Google's decision to censor its site more broadly in response to Europeans' requests to delete information about themselves sets a dangerous precedent, the digital rights group Center for Democracy & Technology says.
"We fear that in countries that engage in more severe online censorship and routinely restrict access to information, governments will demand that their censorship laws should be applied to global domains when accessed from their countries," writes Jens-Henrik Jeppesen, CDT's European affairs director.
He adds that this prospect could harm dissidents and other reformers who want to use the Web to advance democracy. "If this approach becomes standard practice for Internet companies, it will also serve as a barrier for new entrants to the online search and content-hosting business, as individual speakers and small businesses would struggle to implement geo-targeted availability of content based on several hundred countries’ laws," he writes.
Jeppesen's commentary comes in response to news that Google will now respond to some EU residents' requests to delete information by blocking Europeans from accessing search results.
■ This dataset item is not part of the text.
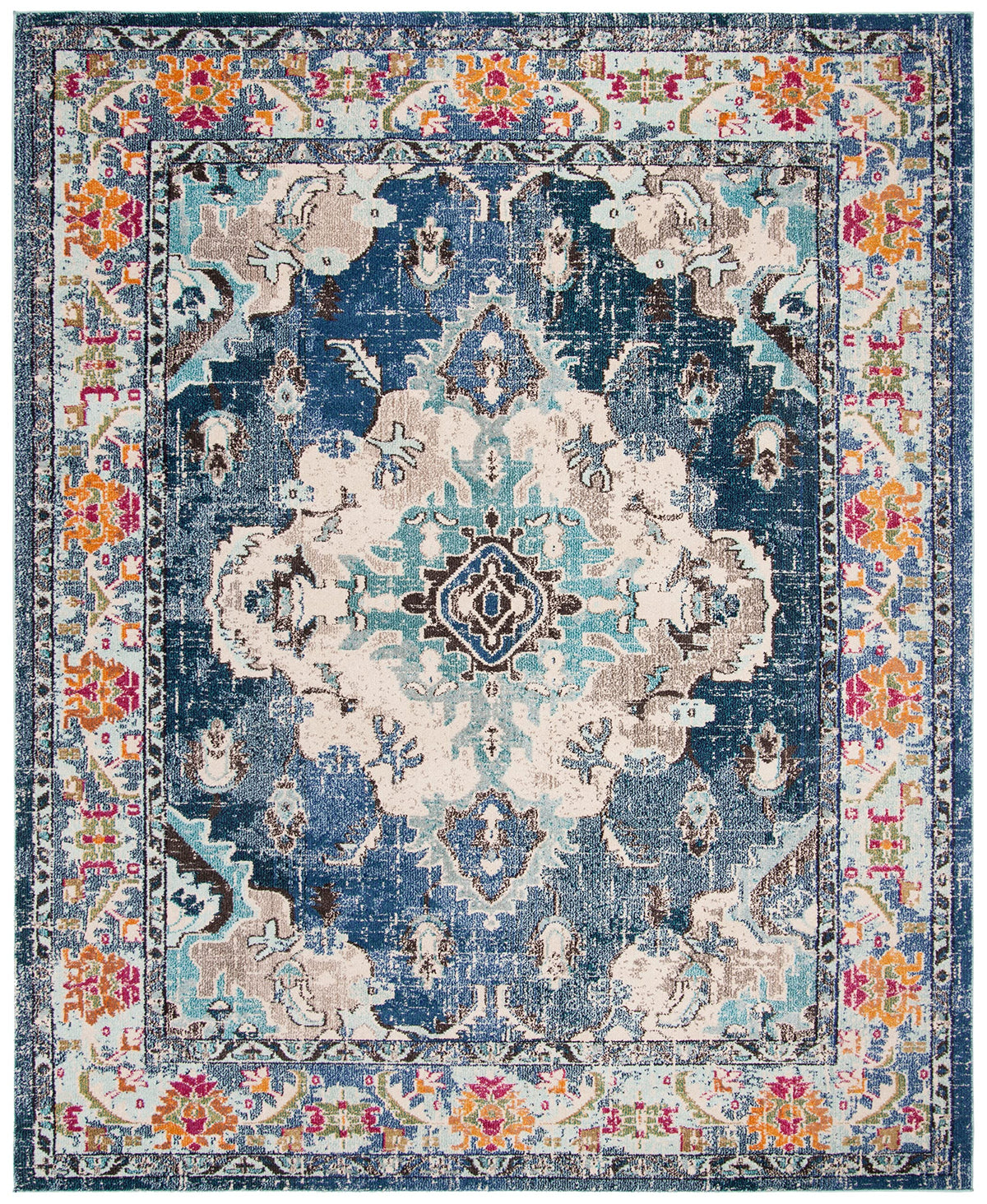 SAFAVIEH Monaco Collection Area Rug - 9' x 12', Navy & Light Blue, Non-Shedding & Easy to Clean, Distressed Medallion Design, Ideal for Living Room, Bedroom, Dining Space (MNC243N)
Google will determine users' countries by their IP addresses -- a system that is far from foolproof. Netflix, for one, also tries to prevent people in some countries from accessing videos, but Netflix users have been able to circumvent the geo-blocking by connecting to the Web via virtual private networks.
Google's move, which came to light this week, marks an obvious attempt by the company to compromise with European privacy regulators, who have been pressing the company to broaden the "right to be forgotten" by censoring search results worldwide.
The development marks the newest twist in the company's long-running conflict with European officials over privacy. In 2014, Europe's highest court ruled that Google and other search engines must allow residents of European countries to delete links to certain embarrassing information about themselves from search results.
That decision empowers EU residents to ask Google to remove links to news articles, social media posts, and other material, but doesn't require Google to automatically grant those requests. Instead, Google is supposed to weigh people's rights to privacy against the public interest in the information.
The European court's ruling only affects search engines, and not the original source of the information. In some cases, Google has removed links to old news articles, but the original pieces are still available on sites like BBC.com and TheGuardian.com.
Last June, France's data protection unit, CNIL, said Google must remove links from all of its results pages -- including Google.com in the U.S. -- and not just pages geared for European countries, like Google.fr.
The French authorities gave Google 15 days to comply or face the possibility of a $340,000 fine.
Google initially pushed back, arguing that allowing one country to censor the Web worldwide would result in a "race to the bottom."
"In the end, the Internet would only be as free as the world’s least free place," global privacy counsel Peter Fleischer said, noting that content that is legal in one country might be illegal in another. "Thailand criminalizes some speech that is critical of its King, Turkey criminalizes some speech that is critical of Ataturk, and Russia outlaws some speech that is deemed to be 'gay propaganda.'"
In September, France's data regulator rejected the company's appeal, potentially setting up a new court battle between Google and privacy regulators.
That battle could still occur, given that EU privacy officials haven't yet indicated whether they'll accept Google's partial concession.